America’s dependence on foreign drug ingredients is a national security and safety issue that is hiding in plain sight.
For years, Washington outsourced the very building blocks of our medicines to cut-rate producers abroad, especially in China. That was a bargain with fine print: quality we can’t verify, leverage we don’t control, and risks that land directly in American veins. The Trump administration was right to call this out and push for a tougher line on Chinese Communist Party (CPP) leadership and strategic decoupling.
Now we need to finish the job by rebuilding U.S. manufacturing and shutting the loopholes that let unsafe products slip through.
Popular and common weight-loss drugs are a prime example. They show both the promise and peril. But the weight-loss boom has opened a back door, and Beijing has walked straight through it. While patients line up for brand-name shots, a shadow supply chain sprang up: copycats of drugs built on Chinese precursors that should never have cleared our ports. That isn’t “access.” It’s an under-the-radar patient pipeline that gambles with American health and our national security.
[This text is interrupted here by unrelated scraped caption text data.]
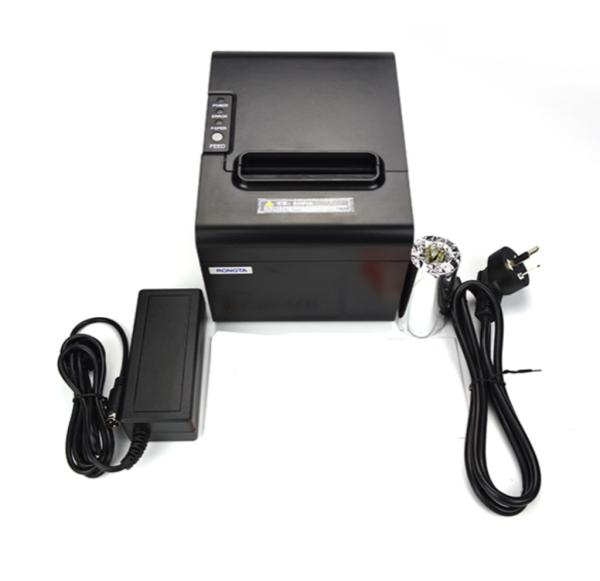 impressora 250mm/s Desktop térmica direta 80mm impressora térmica de Bluetooth de 3 polegadas
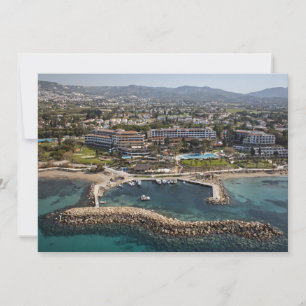 Coral Beach Hotel Paphos, Chypre carte postale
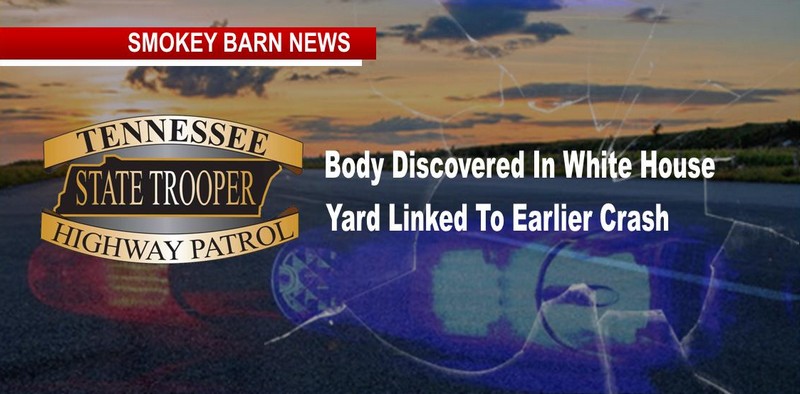 Body Discovered In White House Yard Linked To Earlier Crash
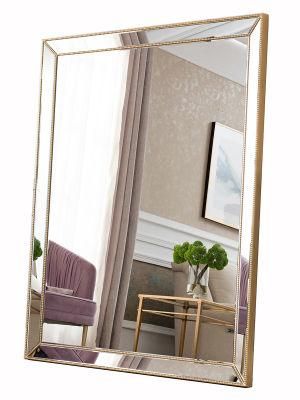 Pearl Edge Dressing Mirror High Grade Full Body Mirror for Clothing Store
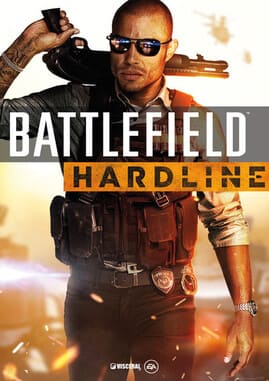 Capa do Battlefield Hardline Torrent PC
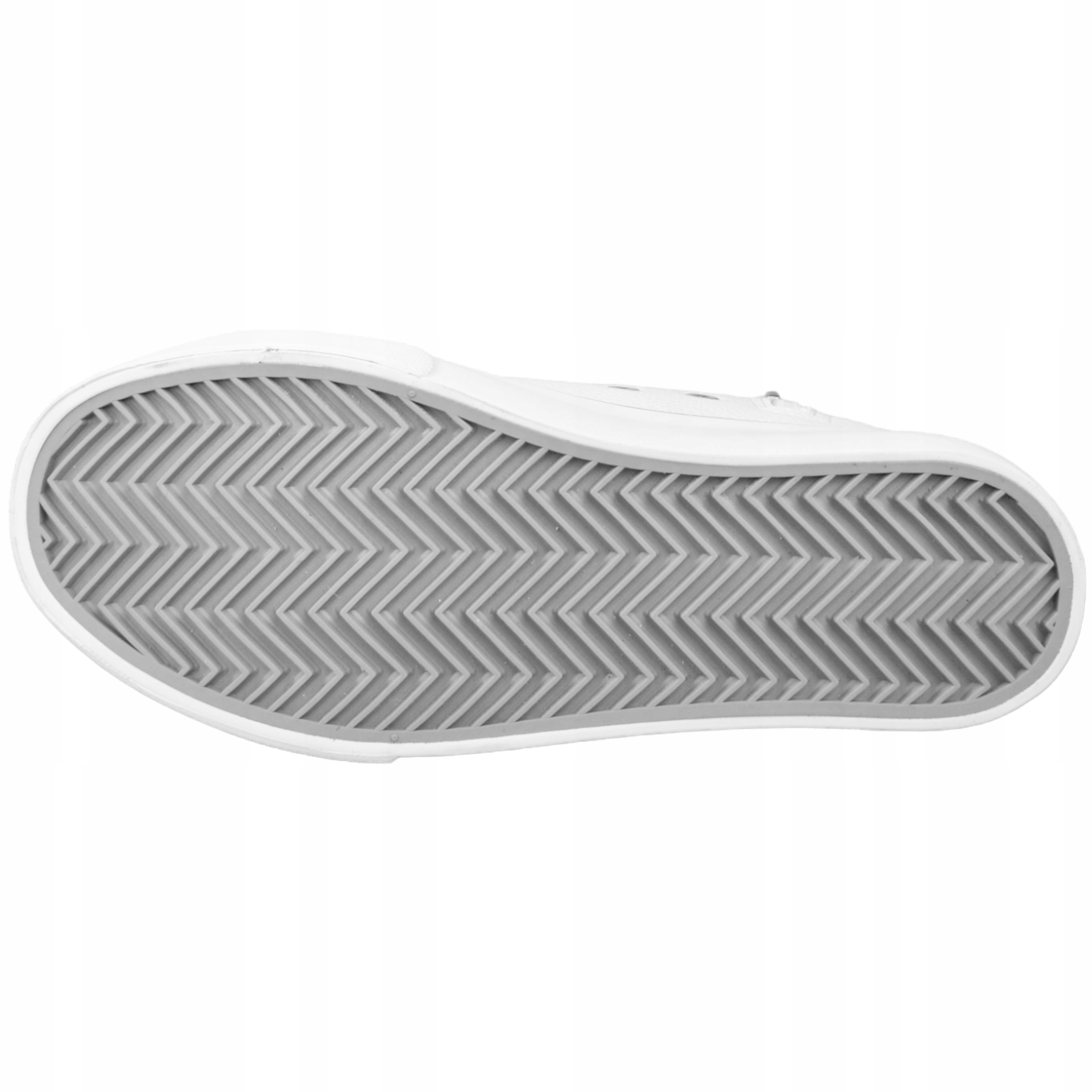 Buty dziecięce trampki ocieplane na zamek białe Big Star KK374227 33 Materiał skóra ekologiczna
Here’s the reality: Between September 2023 and January 2025, U.S. data shows over 230 shipments of ingredients coming from foreign manufacturers that hadn’t even registered with the U.S. Food and Drug Administration (FDA). Of those, 30 percent originated from China or Hong Kong and 81 percent of shipments still slipped through.
Unfortunately, these shipments weren’t due to a temporary “shortage” fix. The FDA removed one of the precursor chemicals from its shortage list in February 2025, yet the gray market kept humming because profits are easy, scrutiny is light, and China is happy to sell us what it won’t trust at home. As demand exploded, new suppliers—mostly in China—proliferated with no inspection history and no external quality benchmark. That’s a gift to corner-cutters and counterfeiters. The harm isn’t hypothetical—counterfeit Ozempic has already surfaced in U.S. distribution, triggering seizures and a national warning.
If the goal is safety, we need to stop pretending this as normal. Treat it as what it is: a Beijing-enabled gray market exploiting U.S. loopholes. And then close them.
We should start at our ports of entry—zero tolerance for unregistered precursor suppliers. If the manufacturer isn’t FDA-registered, the shipment shouldn’t clear, full stop. Unregistered suppliers should sit at the port until inspected and compliant. It’s time to send the signal: sloppy documentation means the product doesn’t move.
We should also use American diplomatic leverage to ensure we aren’t subsidizing our own risk. Chinese bulk ingredients should be hit with tariffs so that it’s no longer cheaper to undercut American safety. Repeat offenders should be publicly named and be held accountable. If companies want access to the U.S. market, they must meet U.S. standards. If they won’t, they should feel the heat. This is the posture the Trump administration advanced—treating the CCP as a strategic competitor, not a benevolent supplier—and it’s the right one.
Lastly, we must rebuild manufacturing at home—make medicine in America again. Strategic resilience means domestic capacity. All options should be on the table—from targeted grants and loans to onshore precursors to streamlining permitting for new facilities. Pair that with strengthened “Buy American” preferences for federally funded programs so that taxpayers aren’t underwriting foreign dependency. This isn’t industrial policy for its own sake; it’s public health insurance against the next shock and a jobs program rooted in national strength.
Access to U.S. markets and enforcement must work together. If the ingredients come from an unregistered Chinese supplier, we should deny the shipment. Patients alone shouldn’t be on the hook for determining good products from bad ones. Instead, they need a system that blocks bad products before they reach them and provides clear information when they don’t.
In my time at the Department of Homeland Security, I saw first-hand how Beijing profits when our guard is down. China’s unvetted suppliers found a seam and exploited it. It’s time to close the seam by making penalties real, by bringing manufacturing home, and, yes, by making China feel the heat until the pipeline runs dry.
Re-establishing American dominance and manufacturing isn’t nostalgia. It’s the difference between sovereignty and dependency. We know what works: a firm stance toward Beijing, airtight borders, and a national commitment to build again.
Chad F. Wolf serves as executive vice president, chief strategy officer, and chair of Homeland Security and Immigration at the America First Policy Institute. He is the former acting secretary of Homeland Security during President Trump’s first term.